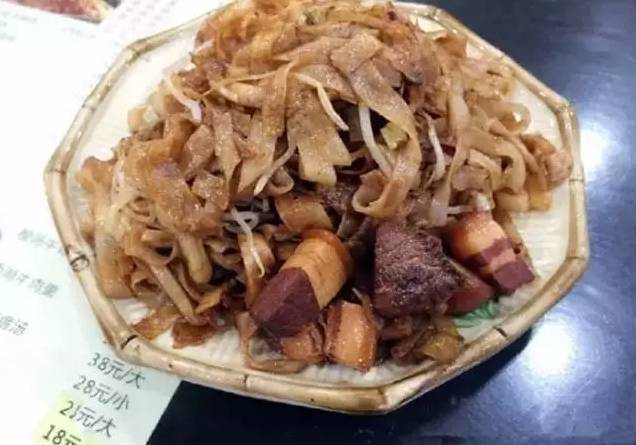 郑州7条最出名的美食巷子！藏得最深的50家店全都给你挖出来了！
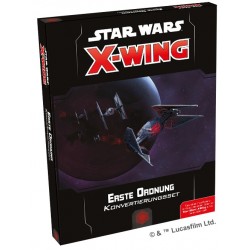 Star Wars X-Wing 2.Ed. Erste Ordnung Konvertierungsset DE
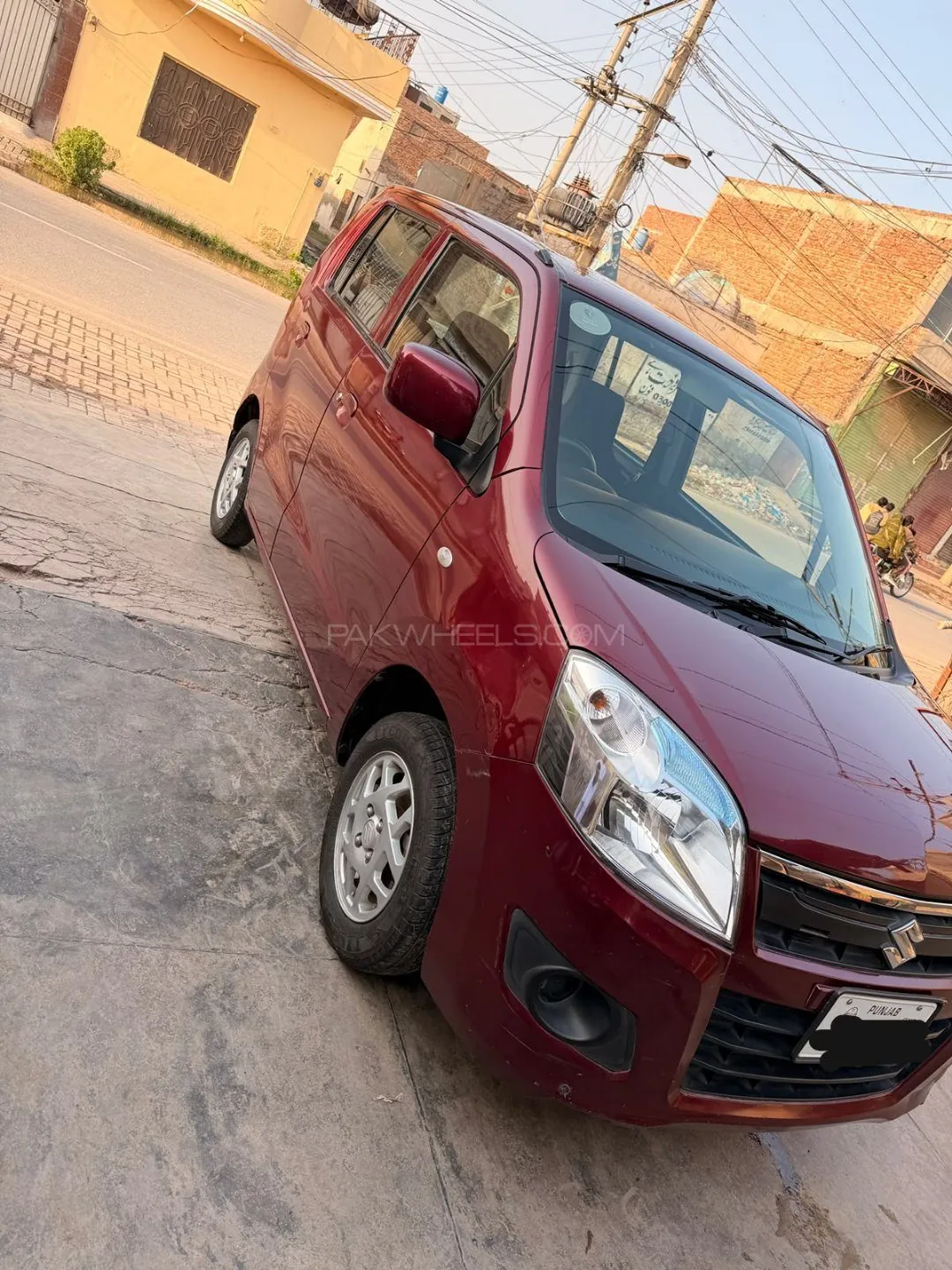 Suzuki Wagon R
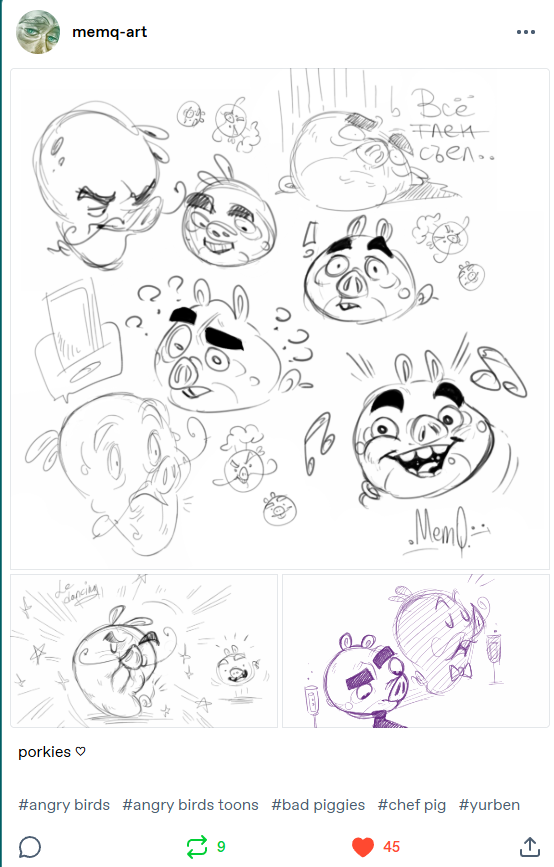 applefeathers_'s tweet photo. extraño a este tipo, llegue muy tarde cuando empece a ver su contenido 💔uuucheff 💔 uu red!pig eguhghh yurbenn uu💔 💔💔💔 
#angrybirds https://t.co/iB3wFzWNHp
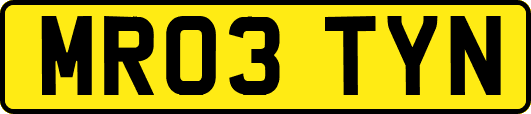 MR03TYN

══════

- Assigned task
Every entry, word for word: repeat it, but skip the images.

- Reply to the task
 郑州7条最出名的美食巷子！藏得最深的50家店全都给你挖出来了！
 Star Wars X-Wing 2.Ed. Erste Ordnung Konvertierungsset DE
 Suzuki Wagon R
 applefeathers_'s tweet photo. extraño a este tipo, llegue muy tarde cuando empece a ver su contenido 💔uuucheff 💔 uu red!pig eguhghh yurbenn uu💔 💔💔💔 
#angrybirds https://t.co/iB3wFzWNHp
 MR03TYN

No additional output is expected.